Of course, there are adjacent offerings that aren’t quite as obvious — offerings that sit next to your core buyer. These are higher risk, but they can also be higher reward. They offer a new uncharted market that your company can logically expand into without totally starting from scratch.
Titterton says that a good way to test product ideas is to run a test with affiliates or business partners. See what kind of adoption rate you get with a few emails and then decide whether or not to build your product.
A good growth marketer knows that everything is an experiment. That includes a new productlaunch. New products are expensive, and a lot of time goes into building them. But you need to be prepared to cut the cord when it’s not working.

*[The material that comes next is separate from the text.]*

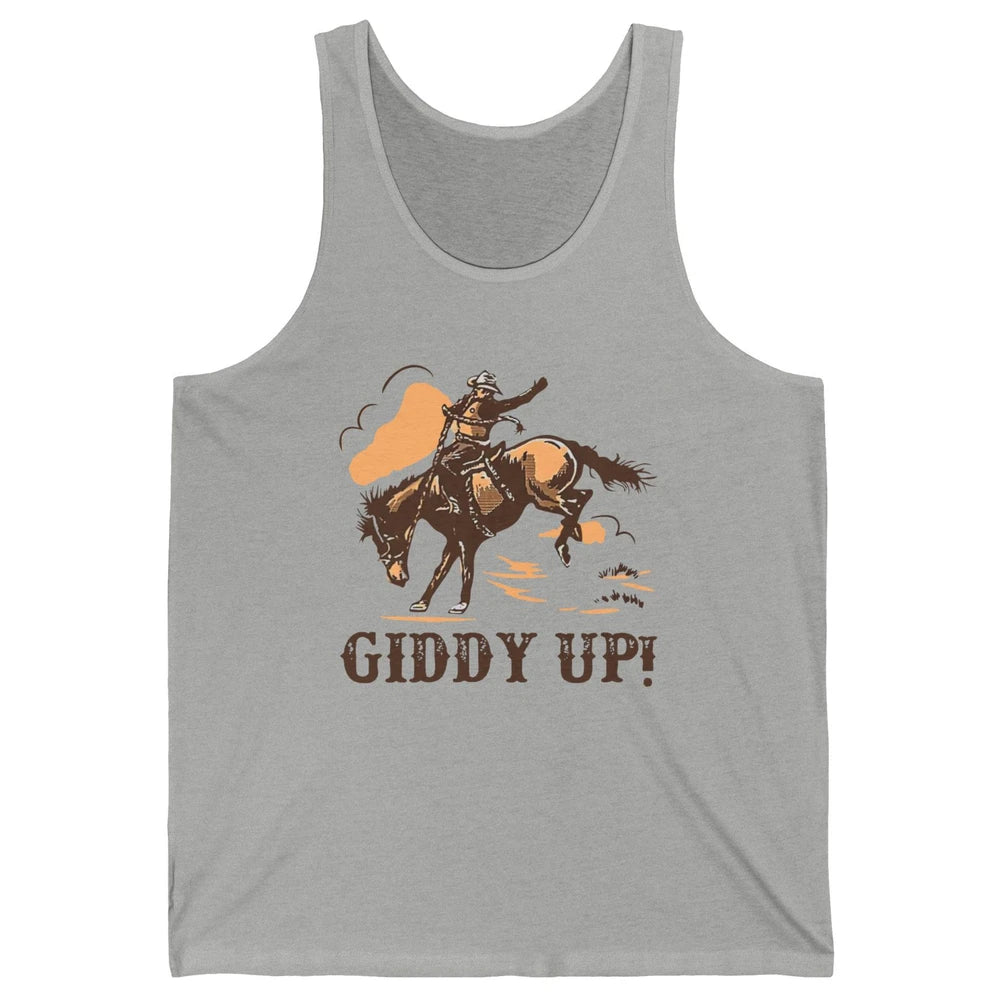 Retro Cowboy Rodeo Giddy Up Hold Your Horses Western Country Unisex Jersey Tank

If you’re the person responsible for making that decision and explaining to your partner teams, try to do so as objectively and dispassionately as possible, and make sure you’re armed with data to show that you’ve tested it, iterated on it and exhausted all the possibilities.
Though the journey of moving from a one to multi-product company will be a learning experience, these lessons should provide some guidance for those attempting this process for the first time.